How to care for Phalaenopsis Orchids
These graceful flowers can last for weeks, and the green plant will live for years.
Water sparingly, once a week. Inside the ceramic pot that the orchid is in, under the plastic pot that holds the bark/coconut husk matrix that holds the plant in, there is a small space. This space is a reservoir to hold any excess water, as most orchid roots don’t like to stay wet, they just like a caress of water. This water can be discarded, to avoid having the plant sit in water. The roots are what look like relatively thick greyish green ropes, and shouldn’t be cut off.
They like humidity and filtered sunlight, not direct sunlight, and always keep indoor plants and cut flowers away from any heat sources and cold drafts.
When the flower blooms die off, if you cut the dark green flower stem just on top of the node where the lowest or second lowest bloom was, it’s possible it will send out another flower spike from that node.
As your flower spikes die, the spikes will go from glossy dark green to anaemic yellow.

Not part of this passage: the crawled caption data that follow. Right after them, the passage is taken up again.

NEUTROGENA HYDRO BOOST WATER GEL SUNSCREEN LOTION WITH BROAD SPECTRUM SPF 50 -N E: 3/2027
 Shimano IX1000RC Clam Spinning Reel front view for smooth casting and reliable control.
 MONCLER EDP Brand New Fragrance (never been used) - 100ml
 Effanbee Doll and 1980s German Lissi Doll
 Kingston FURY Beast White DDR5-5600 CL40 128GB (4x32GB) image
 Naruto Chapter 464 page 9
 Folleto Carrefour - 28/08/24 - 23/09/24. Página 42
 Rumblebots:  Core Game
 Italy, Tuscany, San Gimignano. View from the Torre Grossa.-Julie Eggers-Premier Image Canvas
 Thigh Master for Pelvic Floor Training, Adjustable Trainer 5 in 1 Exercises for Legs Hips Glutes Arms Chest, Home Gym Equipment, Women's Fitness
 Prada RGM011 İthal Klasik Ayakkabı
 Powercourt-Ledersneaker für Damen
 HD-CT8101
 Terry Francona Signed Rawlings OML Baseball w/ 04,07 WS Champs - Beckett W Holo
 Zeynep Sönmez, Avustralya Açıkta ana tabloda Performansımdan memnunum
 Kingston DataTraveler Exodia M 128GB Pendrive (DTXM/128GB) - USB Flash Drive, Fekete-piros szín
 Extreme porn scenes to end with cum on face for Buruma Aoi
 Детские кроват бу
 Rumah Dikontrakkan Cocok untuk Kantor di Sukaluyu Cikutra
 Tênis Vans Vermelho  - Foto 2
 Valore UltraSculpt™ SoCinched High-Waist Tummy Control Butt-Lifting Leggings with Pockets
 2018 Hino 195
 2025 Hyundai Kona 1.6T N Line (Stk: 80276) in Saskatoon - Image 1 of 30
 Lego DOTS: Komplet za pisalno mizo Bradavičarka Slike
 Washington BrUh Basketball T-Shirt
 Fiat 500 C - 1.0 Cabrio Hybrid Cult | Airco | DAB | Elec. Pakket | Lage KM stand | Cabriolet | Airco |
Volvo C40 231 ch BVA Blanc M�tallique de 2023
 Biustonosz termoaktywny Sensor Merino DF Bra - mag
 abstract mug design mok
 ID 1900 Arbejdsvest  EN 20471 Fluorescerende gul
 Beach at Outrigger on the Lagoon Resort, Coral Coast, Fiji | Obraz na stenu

At that point, the spikes can be lopped off at the base, and the support dowels removed.
Phalaenopsis orchids originate in a tropical jungle climate. Typically, they use their roots to cling to the sides of trees, and their flower spikes would cascade downward from the plant.
After being forced to flower in the greenhouse, there can be quite a long dormancy period. The plant will likely rest for even up to a year, but once it starts to flower again, you can expect it to flower regularly, with the blossoms lasting for weeks or even months.
Continue regular watering during all phases of plant growth, blooming, and resting.